# Overview
This aims to establish the foundation needed to save native code iā¦n "package images." From a technical standpoint, all it does is replace our current mix of serializers (`dump.c` for `*.ji` files, `staticdata.c` for system images) with a unified serializer based on `staticdata.c`. Necessary functionality like uniquing types and MethodInstances, supporting external CodeInstances and new method roots, and load-time invalidations are now supported by `staticdata.c`. A key feature is the ability to link externally: the serialization format defines a tag for an external object, which is linked after loading by pointer relocation.
The core system image and all "package images" are stored as contiguous blobs in memory, each identified by a pair of `*begin, *end` pointers stored in `jl_linkage_blobs`. Each of these images is identified by the module `build_id`, and this value is used in encoding external references.
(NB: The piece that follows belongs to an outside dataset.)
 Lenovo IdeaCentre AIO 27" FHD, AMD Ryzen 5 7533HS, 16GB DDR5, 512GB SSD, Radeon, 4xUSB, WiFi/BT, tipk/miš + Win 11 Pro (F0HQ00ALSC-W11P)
For individual objects, "ownership" is decided by pointer address, i.e., which pointer pair encloses the given object. Some objects, like *external* MethodInstances (new specializations of callables owned by other packages), are deliberated created with pointer addresses that fall out of these ranges to ensure that they go through the uniquing pipeline.
Compared to the original version of this PR, we've temporarily stripped all the work devoted to native code support. That will be restored in a future PR expected to land shortly after this merges. The goal here is to transition to one-serializer-to-rule-them-all without breaking Julia. It completes the goal of the original PR and items 2 & 4 listed in the "Future work (TODOs)". Item 3 is already merged to master, so overall it has become far more ambitious than its original scope despite having taken a step backwards with respect to native code.
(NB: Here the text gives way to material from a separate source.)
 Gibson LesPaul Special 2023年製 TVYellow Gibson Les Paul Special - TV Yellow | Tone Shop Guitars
This has become a 3-way collaboration (@vchuravy, @vtjnash, and @timholy), with the recent participation of @vtjnash having added enormously to our progress.
For reference, the original version of this post is included below, but note that several points no longer apply.
-------------------
# Overview (original)
This pull request is the first fruit of a tight collaboration between @vchuravy and @timholy. Our hope is that this is the inaugural PR in a series whose ultimate goal is to allow packages to save & reuse their precompiled native code. A second outcome might be to enable (or contribute to enabling) StaticCompiler.jl to be implemented with few external dependencies.
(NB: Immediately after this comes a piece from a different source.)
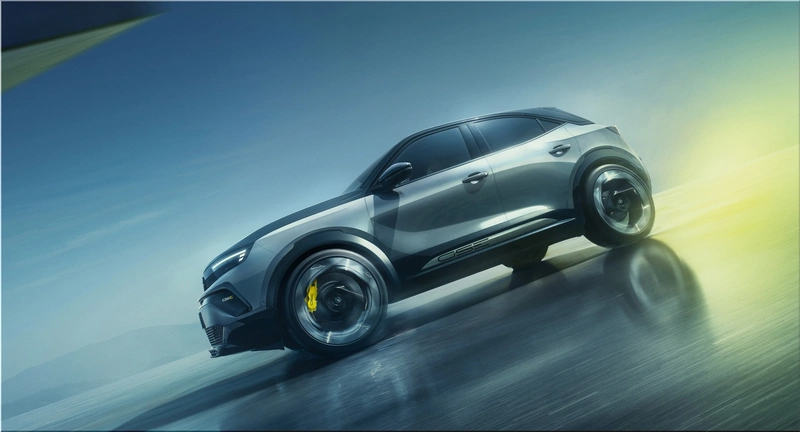 2026 Opel Mokka GSE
The journey is long, and this first pull request is intended to have no user-visible consequences (neither good nor bad). But we believe it establishes many of the necessary fundamentals.
# Background
Caching code requires [serialization](https://en.wikipedia.org/wiki/Serialization) and deserialization. Julia has several code (de)serializers, but here our focus is on two, the one in `dump.c` and the one in `staticdata.c`. `dump.c` writes the `.ji` files that we currently use for packages and an intermediate stage of building Julia, whereas `staticdata.c` creates the object files (`.so` on Linux) that serve as Julia's system image. `dump.c` can (now, after #43990) save almost all supportable objects *except* native code. Conversely, `staticdata.c` can save native code and has a more streamlined design, but currently is only useful for writing monolithic system images. Part of the ultimate goal of the series of PRs is to blend the best of both (de)serializers together.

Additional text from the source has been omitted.